-- Task goal --
Without including any images, repeat the data exactly.

-- Dataset content --
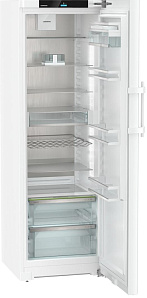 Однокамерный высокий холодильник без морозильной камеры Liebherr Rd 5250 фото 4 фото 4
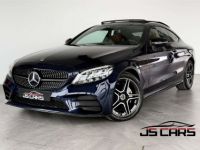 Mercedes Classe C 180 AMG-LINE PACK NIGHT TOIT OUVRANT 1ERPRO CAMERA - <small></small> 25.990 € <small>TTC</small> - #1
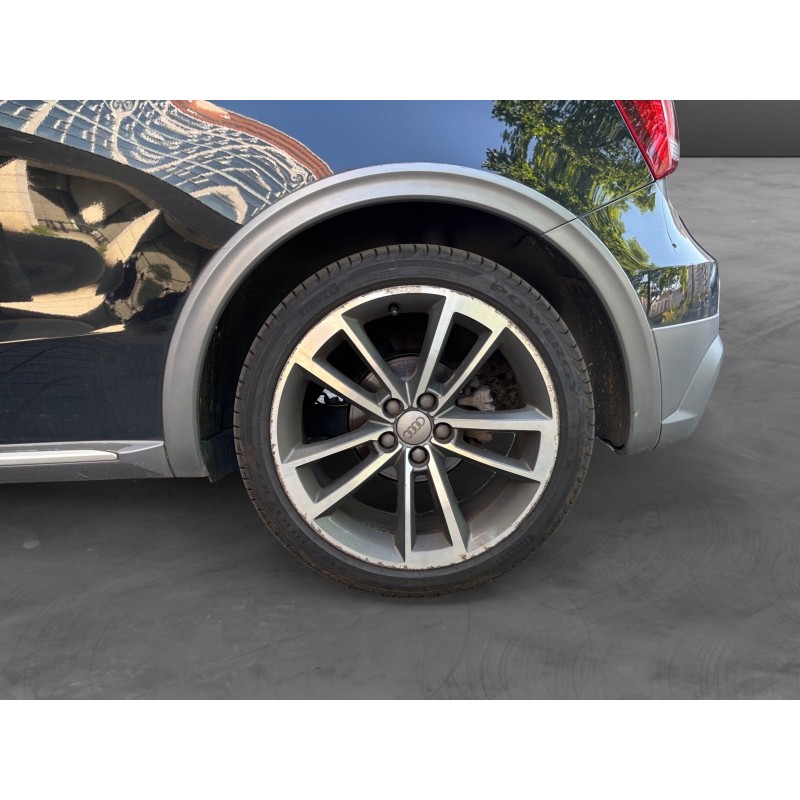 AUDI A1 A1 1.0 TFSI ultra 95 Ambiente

-- Final answer --
 Однокамерный высокий холодильник без морозильной камеры Liebherr Rd 5250 фото 4 фото 4
 Mercedes Classe C 180 AMG-LINE PACK NIGHT TOIT OUVRANT 1ERPRO CAMERA - <small></small> 25.990 € <small>TTC</small> - #1
 AUDI A1 A1 1.0 TFSI ultra 95 Ambiente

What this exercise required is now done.